Quando Clóvis se converteu ao cristianismo romano e tornou-se o primeiro rei dos francos, ele tinha mais a ganhar do que a aprovação de sua mulher. Estava em jogo um reino mais tangível e substancial que o reino dos céus.
Sabe-se que, em 496, várias reuniões secretas ocorreram entre Clóvis e São Rémy. Imediatamente depois, estabeleceu-se um acordo entre Clóvis e a Igreja Romana. Para esta, foi um triunfo político importante, que asseguraria a sobrevivência da Igreja, estabelecendo-a como a suprema autoridade espiritual no Ocidente. Ele consolidou a condição de Roma como igual à da fé ortodoxa grega, baseada em Constantinopla; ofereceu uma perspectiva de hegemonia romana e meios efetivos de erradicar as cabeças de hidra da heresia. E Clóvis representava os meios de implementar estas coisas: a espada da Igreja, o instrumento pelo qual Roma imporia sua dominação espiritual, o braço secular e a manifestação palpável do poder romano.
Em troca, Clóvis receberia o título de Novus Constantinus. Em outras palavras, presidiria um império unificado - o Sacro Império Romano -, projetado para suceder àquele supostamente criado sob Constantino e destruído pouco tempo depois por visigodos e vândalos. Segundo um especialista moderno do período, Clóvis, antes de seu batismo, foi
"fortificado (. . .) com visões de um império que sucederia ao de Roma, que seria a herança da raça merovíngia".
De acordo com outro escritor moderno, "Clóvis deve agora tornar-se um rei do império ocidental, um patriarca dos alemães ocidentais, reinando, embora não governando, sobre todos os povos e reis".
O pacto entre Clóvis e a Igreja Romana, em suma, trouxe sérias conseqüências para a cristandade - não somente a daquele tempo, mas também a do milênio seguinte. O batismo de Clóvis marcaria o nascimento de um novo império romano, um império cristão, baseado na Igreja Romana e administrado, no nível secular, pela linhagem merovíngia. Um laço indissolúvel foi estabelecido entre e Estado, cada um devendo fidelidade ao outro, cada um se ligando perpetuamente ao outro. Para ratificar este laço, Clóvis, em 496, deixou-se batizar formalmente por São Rémy em Rheims. No clímax da cerimônia, São Remy pronunciou suas famosas palavras:

Mitis depone colla, Sicamber, adora quod incendisti, incendi quod adorasti. *
* Inclinai vossa cabeça humildemente, sicambriano, reverenciai o que haveis queimado e queimai o que haveis reverenciado.

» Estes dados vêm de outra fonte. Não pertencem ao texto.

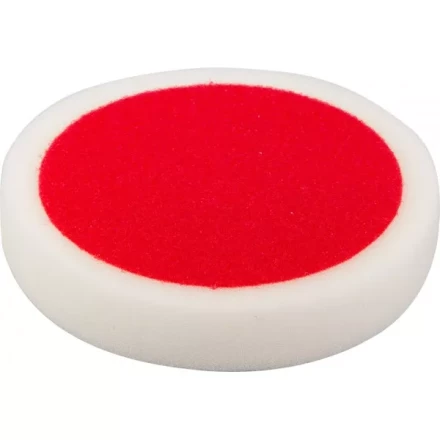 Полировальная насадка ЗУБР из поролона на липучке, 150мм 3592-150 купить в Когалыме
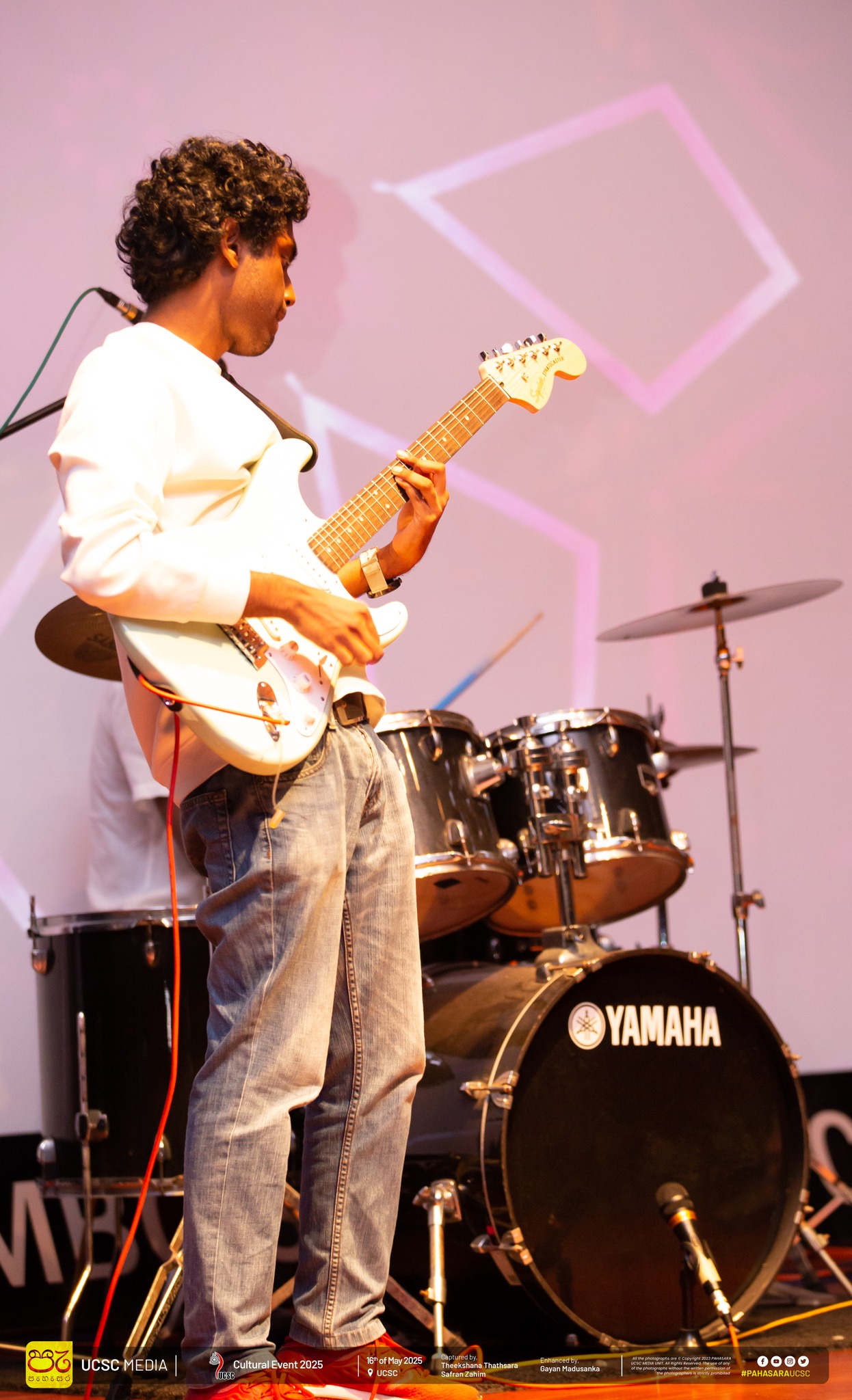 AlgoRhythm Event Photo 21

É importante observar que, ao contrário do que historiadores às vezes sugerem, o batismo de Clóvis não foi uma coroação. A Igreja não fez de Clóvis um rei. Ele já o era, e tudo o que a Igreja podia fazer era reconhecê-lo como tal. Ao fazê-lo, a Igreja se ligava oficialmente não só a Clóvis, mas a uma linhagem. Neste ponto, o pacto se assemelhava àquele selado, segundo o Velho Testamento, entre Deus e o rei Davi - um pacto que pode ser modificado, como no caso de Salomão, mas não revogado, quebrado ou traído. E os merovíngios não perderam de vista o paralelo.
Durante os anos restantes de sua vida, Clóvis percebeu perfeitamente as ambiciosas expectativas de Roma em relação a ele. Com irresistível eficiência, a fé foi imposta pela espada; e com a sanção e o mandato espiritual da Igreja, o reino franco expandiu-se para o leste e o sul, englobando a maior parte da França e da Alemanha atuais.
Entre os numerosos adversários de Clóvis, os mais importantes foram os visigodos, que aderiram à cristandade ariana. Foi contra o império dos visigodos - que dominava os Pirineus e se estendia pelo norte até Tolouse - que Clóvis dirigiu suas mais assíduas e organizadas campanhas. Em 507 ele derrotou definitivamente os visigodos na Batalha de Vouillé. Logo depois, Aquitânia e Toulouse caíram em mãos francas. O império visigodo ao norte dos Pirineus caiu efetivamente antes do ataque franco. De Toulouse, os visigodos retiraram-se para Carcassonne. Expulsos de Carcassonne, estabeleceram sua capital, e último bastião, na região de Razès, em Rhédae - hoje cidade de Rennes-le-Château.